I went to two parties this past week, and both were, in their way, quite memorable. Firstly, the Minnesota Opera has a club, of sorts, designed to drum up interest in younger people. Opera tickets can be pretty spendy, and opera is seen as a sort of rarefied world. So how do you get young people involved? Quite smartly, as it turns out. This club, Tempo, decided to throw a party on the 10th anniversary of Baz Luhrmann's entirely preposterous film "Moulin Rouge!"

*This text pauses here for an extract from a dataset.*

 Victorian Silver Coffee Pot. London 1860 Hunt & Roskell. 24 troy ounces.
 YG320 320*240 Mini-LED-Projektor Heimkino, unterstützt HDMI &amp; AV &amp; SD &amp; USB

Burlesque in front of "Moulin Rouge!"
MinnPost photo by Max Sparber
Burlesque in front of "Moulin Rouge!"

If you've seen the film, you know that it's a rather dopey love story, set in fin de siècle Paris at the eponymous cabaret, in which Ewan McGregor woos Nicole Kidman by singing Elton John songs as she dies of whatever makes people cough blood in a handkerchief every once in a while, but otherwise show no symptoms of any illness. Despite its perfectly idiotic storyline, the film manages, at least for its first half, to be an utterly enjoyable confection, a pyrotechnic wonder of jump cuts, bombastic choreography, and an astonishing soundtrack of anachronistic pop songs. When you have an entire room full of top-hatted men dancing together and singing "Smells Like Teen Spirit," well, you've got something.
 
Why "Moulin Rouge"? Because its idiotic narrative is stolen, in part, from Minnesota Opera's next production, "La Traviata," in which a courtesan finds true love and then dies from tuberculosis — the story works quite a bit better when addressed by Verdi. But I suspect the film was also selected because it has a bit of a cult following, and so Tempo showed it in the only venue in the Twin Cities where it makes perfect sense: The Varsity Theater, which looks like somebody has taken over a basement bistro in bombed-out Dresden and thrown glitter everywhere. And Tempo didn't just show the film, they made it a proper event, in the style of Sid Grauman, who built the Chinese Theater in Hollywood and would always begin a film with an elaborate floor show.
 
So Tempo invited fortune tellers to set up camp in the building's nooks, where they did rather typical cold readings ("There's a blond in your life who is rather important. No? There must be somebody with blond hair. Light colored hair?") In the balcony, a photographer set up a Moulin Rouge-themed canvas backdrop and photographed people on a park bench, digitally manipulating the photograph so it was sepia and had that blurry oval framing we associate with early photography. And, on the stage, there was Cafe Accordion, a local band that plays the sort of music you might imagine Maurice Chevalier would have on his iPod, had he lived long enough to have an iPod. Tango dancers danced, opera singers offered a selection or two from "La Traviata," and, when the movie started, dancers performed burlesques in front of the screen as the audience sang along with the pop songs on the movie's soundtrack.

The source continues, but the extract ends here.